Rio Brazil travel

Yeah, we know. The news items next to the word “Brazil” and “travel” this year have not exactly been flattering. But sometimes the best travel opportunities come out of perceptions of trouble, so let’s talk about the positives for a moment.

First though, we don’t mean to make light of the Zika virus situation. If you are pregnant or planning to be soon, you have a valid reason to stay away for awhile. Otherwise, treat this new mosquito threat for what it is: something far less dangerous than malaria, yellow fever, or dengue fever.

A Great Exchange Rate in Brazil

Brazil’s exchange rate has been more like a roller coaster than a soft beach wave for the past two decades. After cresting a few years ago it’s now near a record low for that period. For a while there Brazil was the most expensive country south of Mexico, so this doesn’t mean it has suddenly turned into a bargain. It does mean, however, that you won’t be looking at New York or London prices when you go out to eat or drink.

After trading at below 2 to the U.S. dollar most of this decade, you can expect to get between 3 and 3.2 Brazilian reals for your dollar this summer.

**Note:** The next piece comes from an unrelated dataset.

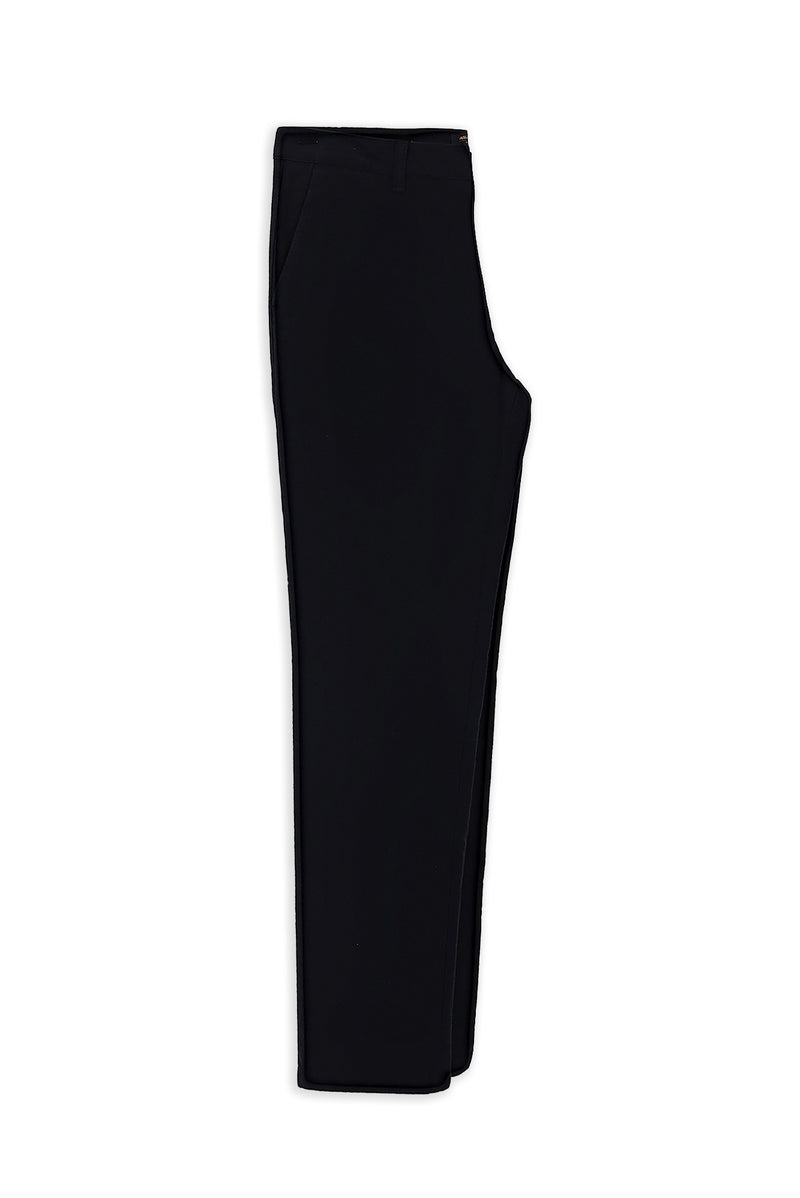 Siyah Regular Fit Likralı Çizgili Kanvas / Chino Pantolon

No Reciprocal Visa Fee This Summer

Many Americans have avoided Brazil for ages because of the hefty reciprocal visa fee. Basically the country has charged visitors whatever they charge Brazilians to enter, so countries that made it difficult for Brazilians to enter got penalized. While this is understandable to a point, the aggressive counter-measures often hurt the penalizing country more than the penalized one since tourists just went elsewhere instead. Chile dropped this practice two years ago, Argentina dropped it more recently, and Brazil has now suspended it for the period around the Olympic Games.

Given the major political struggles in the country, we don’t expect this logical step to roll over permanently, so take advantage of it now and save more than $600 on the price of stepping off a plane in Rio for a family of four.

There are Still Tickets for the Olympics!

Usually when a developed country is hosting the Olympic games, tickets are bought up by corporate sponsors and VIPs years in advance and it’s next to impossible to catch Michael Phelps in the pool or see the finals in the gymnastics floor performances. This year is different. Because of Zika scares and troubles in Brazil on the political and economic fronts, you can still get in and have plenty of events to choose from. As of yesterday 30% of the event tickets were still available. Go here to purchase.

We can’t promise you smooth sailing when it comes to accommodation though. Rio has been a baffling city since we first launched Luxury Latin America. While every other major tourist city in South America has exploded with hotel options, Rio remains mired in bureaucracy and half-baked developments. So there are very few luxury hotels in Rio and they’ve often booked solid. Your best bet is to put your faith in the hands of a local who can find options in the nooks and crannies. Check out See You in Brazil for your time in Rio and then some time in a less crowded place elsewhere in the country.